Abstract:
A method, server and client for protecting communications among a plurality of clients, for use in a networked communication system comprising a server and the plurality of clients, the plurality of clients comprising at least a first client and a second client, are provided. The method includes communicating, from the first client to the server, a request for a credential token for a communication between the first client and the second client, selecting, by the server, the credential token for the communication between the first client and the second client, communicating, from the server to each of the first client and the second client, the selected credential token, and communicating, between the first client and the second client using security algorithms and information contained in the credential token received from the server.

Description:
CROSS-REFERENCE TO RELATED APPLICATION 
       [0001]    This application claims the benefit under 35 U.S.C. §119(e) of a U.S. Provisional application filed on Aug. 17, 2009 in the U.S. Patent and Trademark Office and assigned Ser. No. 61/234,607, the entire disclosure of which is hereby incorporated by reference. 
     
    
     BACKGROUND OF THE INVENTION 
       [0002]    1. Field of the Invention 
         [0003]    The present invention relates to techniques for providing secure communications among clients. More particularly, the present invention relates to techniques for providing secure communications among clients with efficient credentials management. 
         [0004]    2. Description of the Related Art 
         [0005]    In a networked environment where information is exchanged over public networks, security attacks on communications are a major concern. To protect the security of information being exchanged among participating entities in the network, various security mechanisms have and are being developed and deployed. The main properties of information that need to be protected include confidentiality, integrity, authenticity and availability. Confidentiality may be protected using encryption techniques, while other techniques, such as keyed hashing, are typically used to protect integrity and authenticity. 
         [0006]    One of the major challenges in deploying security protection mechanisms for a networked communication system is the management of credentials, such as cryptographic keys, that are necessary for cryptographic techniques, such as encryption and keyed hashing. If keys are compromised, the security of the system is compromised. Furthermore, management of the various credentials for communicating with multiple other entities could be complex and resource consuming for communicating clients and thus could be prohibitive in a resource constrained environment, such as where mobile terminals are involved. 

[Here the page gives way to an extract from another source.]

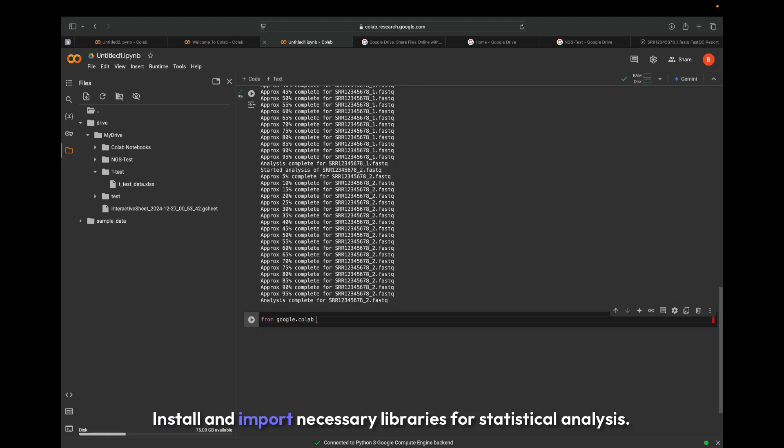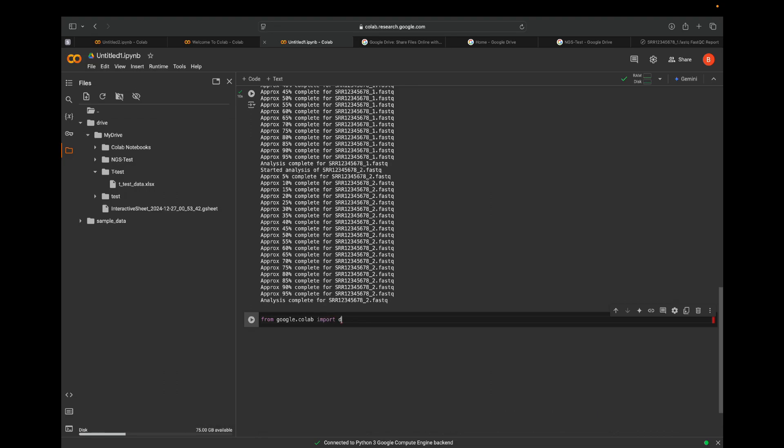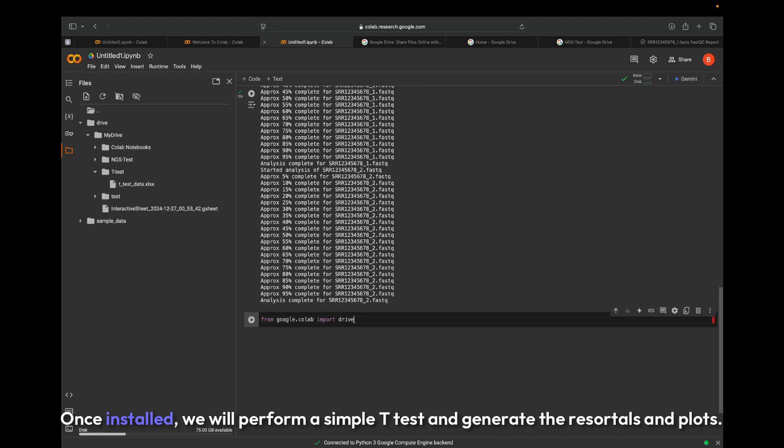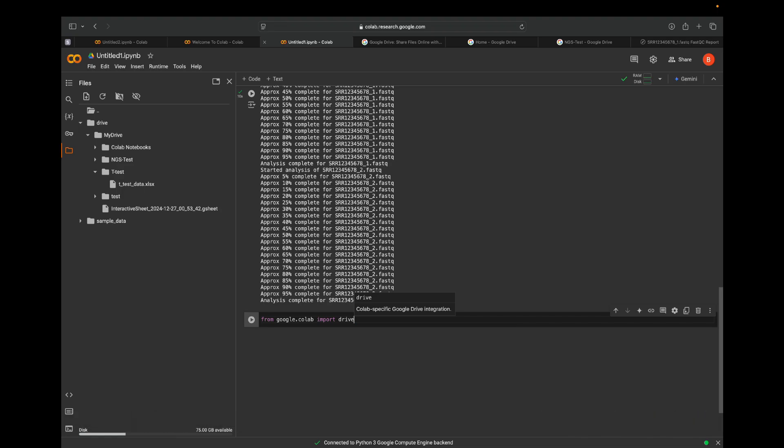Install and import necessary libraries for statistical analysis. Once installed, we will perform a simple t-test and generate the results and plots.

         [0007]    For client-server communications, such as web browsing, the number of servers is typically much smaller than the number of clients. Servers tend to have more resources and are better suited to managing complex and computing intensive security credentials, such as digital certificates and digital signatures. However, for direct client-client communications, and especially when the clients are mobile terminals, such prior art techniques are impractical due to the sheer numbers and the limited resources of the clients. For instance, it is impractical to issue digital certificates to millions and millions of mobile phones. 
         [0008]    Thus, there is a need for innovative techniques to provide secure client-client communications while addressing the challenges of managing credentials in clients, especially in networked communication systems where mobile terminals are communicating entities. 
       SUMMARY OF THE INVENTION 
       [0009]    An aspect of the present invention is to address at least the above-mentioned problems and/or disadvantages and to provide at least the advantages described below. Accordingly, an aspect of the present invention is to provide techniques for providing secure communications among clients with efficient credentials management. 
         [0010]    In accordance with an aspect of the present invention, a method for protecting communications among a plurality of clients, for use in a networked communication system comprising a server and the plurality of clients, the plurality of clients comprising at least a first client and a second client, is provided. The method includes communicating, from the first client to the server, a request for a credential token for a communication between the first client and the second client, selecting, by the server, the credential token for the communication between the first client and the second client, communicating, from the server to each of the first client and the second client, the selected credential token, and communicating, between the first client and the second client using security algorithms and information contained in the credential token received from the server. 
         [0011]    In accordance with another aspect of the present invention, a server apparatus for protecting communications among a plurality of clients, for use in a networked communication system comprising the server and the plurality of clients, the plurality of clients comprising at least a first client and a second client, is provided. The apparatus includes a token server for receiving a request from a first client for a credential token for a communication between the first client and the second client, for selecting the credential token for the communication between the first client and the second client, and for transmitting the selected credential token to each of the first client and the second client. 
         [0012]    In accordance with still another aspect of the present invention, a client apparatus for protecting communications between the client and at least one counterpart client, for use in a networked communication system comprising the server, the client, and at least one counterpart client, is provided. The apparatus includes a token client for receiving a credential token from a server for a communication between the client and the counterpart client, a credential table for storing the received credential token from the server and the associations with communicating clients, and a communication unit for communicating between the client and the counterpart client using security algorithms and information contained in the received credential token. 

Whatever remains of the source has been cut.